RECORDS FOR THE TASK ▸
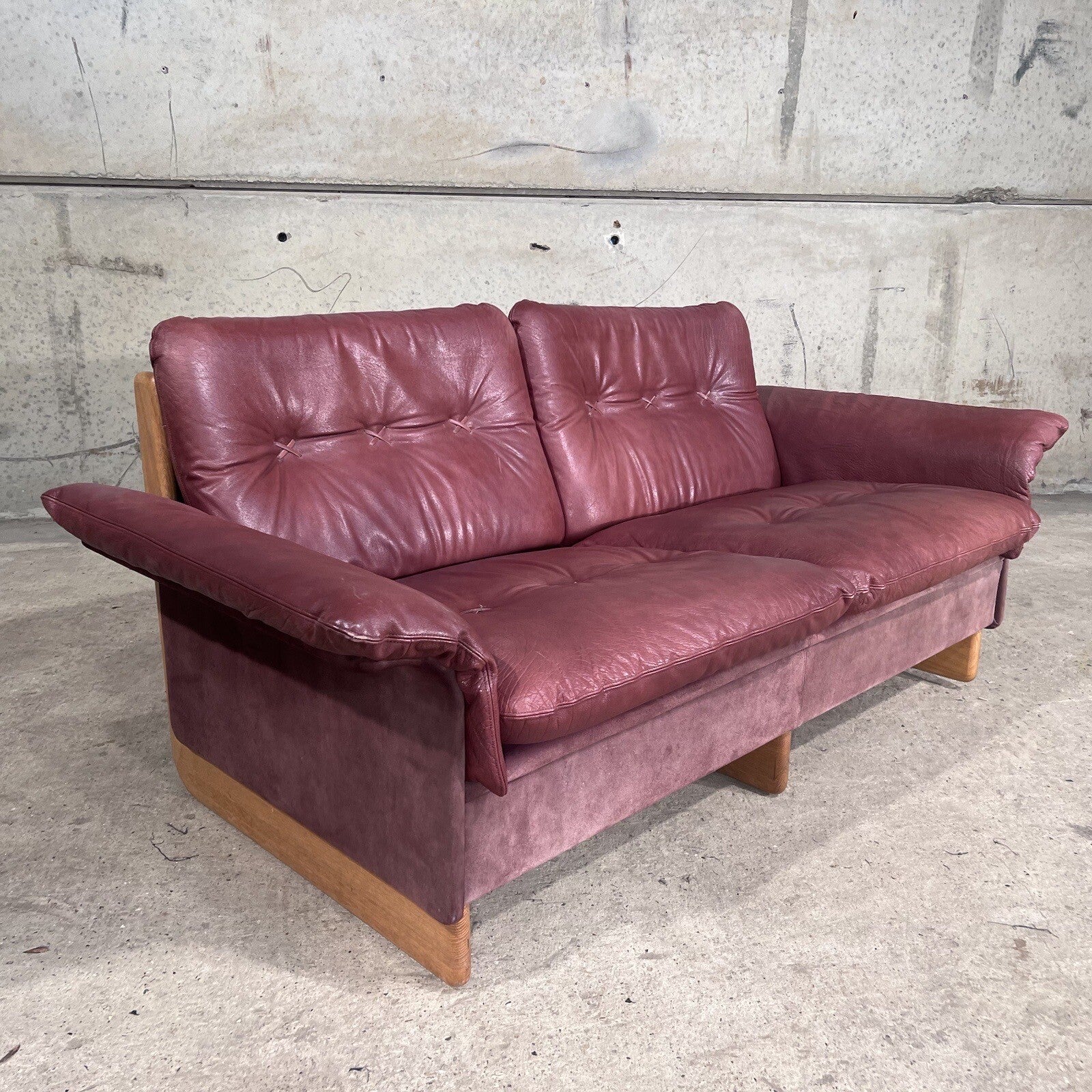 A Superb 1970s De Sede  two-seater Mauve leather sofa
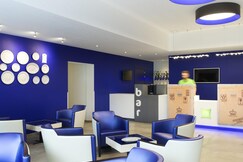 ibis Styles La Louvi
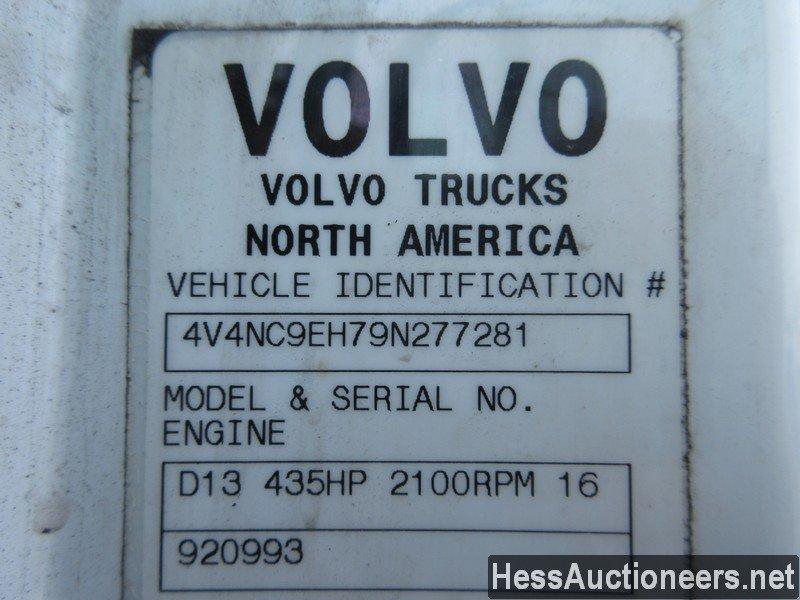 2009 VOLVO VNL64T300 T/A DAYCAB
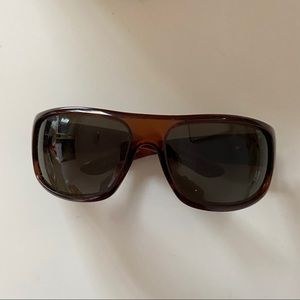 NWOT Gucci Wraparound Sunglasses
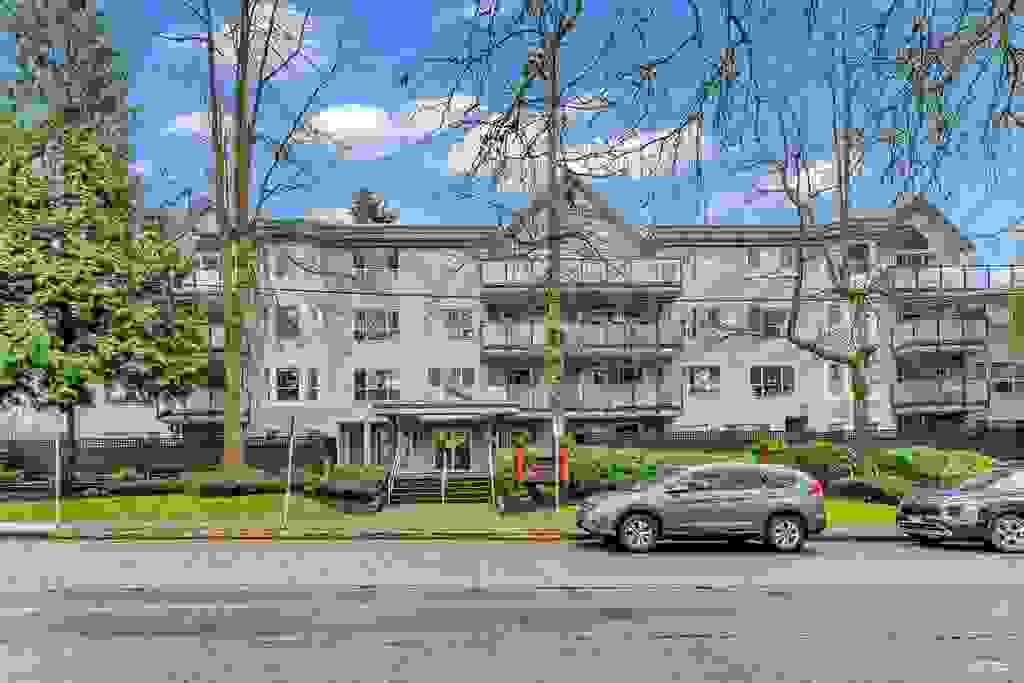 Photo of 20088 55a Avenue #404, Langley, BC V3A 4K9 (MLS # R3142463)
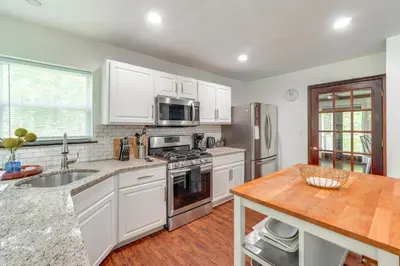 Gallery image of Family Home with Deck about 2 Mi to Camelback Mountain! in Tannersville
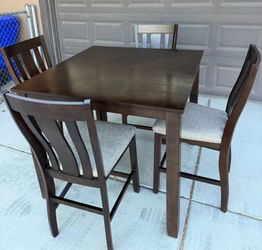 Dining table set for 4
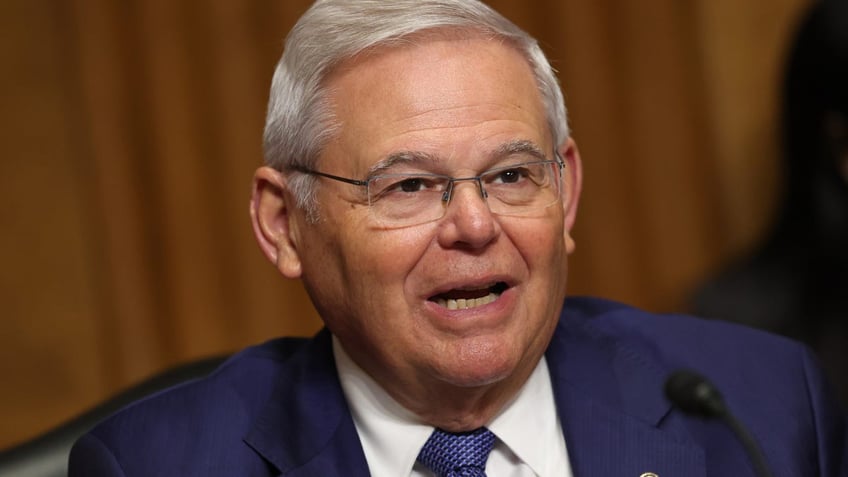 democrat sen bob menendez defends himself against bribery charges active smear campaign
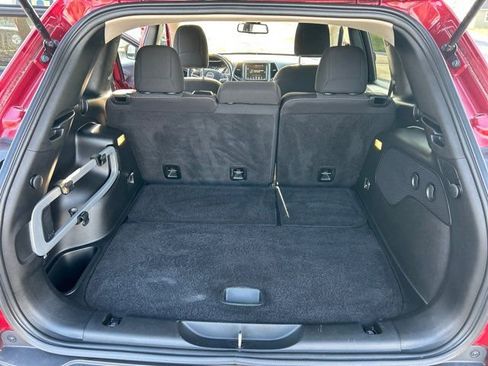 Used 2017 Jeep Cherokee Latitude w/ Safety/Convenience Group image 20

WHAT TO DO ▸
From the line with "democrat sen bob" to the last line of the material, both inclusive, set down every line exactly and nothing else; omit pictures.

EXERCISE ANSWER ▸
 democrat sen bob menendez defends himself against bribery charges active smear campaign
 Used 2017 Jeep Cherokee Latitude w/ Safety/Convenience Group image 20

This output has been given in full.